We got off a little bit on the wrong foot with today's featured actress due to the fact that, as an impressionable child watching Magnificent Obsession on TV, she came across as petulant and uncompromising. Later, when the range of her performance could be appreciated from an adult perspective, and after having seen her in many other projects as well, her talent and beauty could be admired. Besides her obvious good looks and her talent, she was and is, hands down, one of the most poised and elegant ladies ever to come along in Hollywood. We're referring, of course, to Miss Barbara Rush.
Born with that same marquee-friendly name in Denver, Colorado on January 4th, 1927, Rush was blessed with large, liquid eyes and full lips (she was born with the type of lips people inject themselves to try to achieve now!), perfect for use on the silver screen. After high school, she enrolled at the University of California where she sought to hone her acting skills. Additionally, she worked with the University Players and enrolled as a student at the Pasadena Playhouse. It was here that she caught the eye of a Paramount Pictures talent scout who started the ball rolling to a contract with the studio in 1950.
Just as her movie career was about to unfold with a featured part in The Goldbergs, she met a fellow actor who was under contract at 20th Century Fox, the deliriously beautiful Jeffrey Hunter. The Goldbergs (a feature based on the highly popular radio show-turned-television series) gave her a featured role as a young girl torn between two gentlemen. By December of 1950, she'd appeared in her first movie and married her first husband, Hunter.
She was next placed in the period film, Quebec, which was filmed on location and starred John Drew Barrymore (billed at the time as John Barrymore Jr.) and Corinne Calvet. The story concerned the revolt of Canada against England in the 1830s. Following this, she was lent to director Douglas Sirk for use in his film The First Legion, all about the effects of a miracle on a select group of people. She played a disabled girl, driven by faith and it marked the first of four occasions that she would act for the gifted filmmaker.

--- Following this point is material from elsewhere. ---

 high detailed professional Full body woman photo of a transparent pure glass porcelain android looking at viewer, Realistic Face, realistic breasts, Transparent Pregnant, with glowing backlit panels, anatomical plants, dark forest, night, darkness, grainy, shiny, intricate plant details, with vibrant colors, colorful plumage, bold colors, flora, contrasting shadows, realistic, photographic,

Back at Paramount, Rush was the leading lady in the sci-fi classic When Worlds Collide. Concerning a newly discovered planet that is hurtling towards Earth, a cache of scientists decide to send a rocket ship filled with young men and women (a sort of contemporary version of Noah's ark) to the new planet since it is expected to survive the collision while Earth is decimated. As the daughter of one of the scientists, she is able to secure an aisle seat .

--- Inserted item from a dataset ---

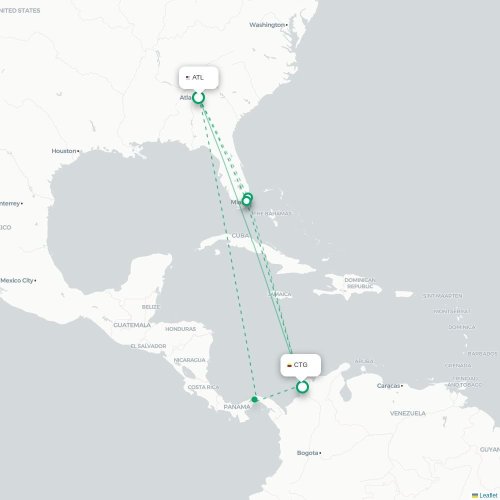 Mapa de vuelo directo Atlanta - Cartagena de Indias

Her third film of 1951 was a western called Flaming Feather with Sterling Hayden and Forrest Tucker. Her role was mostly decorative as one of an Arizona settlement which is being terrorized by some renegade Ute Indians (led by a duplicitous white man.)
Rush gave birth to her and Jeffrey Hunter's son Christopher in 1952 and was offscreen that year due to the pregnancy. When audiences next saw her, it was in 1953's Prince of Pirates, a low-budget period picture costarring John Derek. She was lent to Columbia Pictures in order to make the lackluster affair that had her playing a Spanish princess.
Restless at the way Paramount was handling her career, she switched to Universal Studios in 1953 and was promptly placed in another sci-fi film that has since become something of a classic as well, It Came from Outer Space. Costarring with Richard Carlson, she played a pretty schoolteacher in a remote Arizona desert town. They witness a meteor crash that turns out to be the arrival of a spaceship that contains a hideous alien life form.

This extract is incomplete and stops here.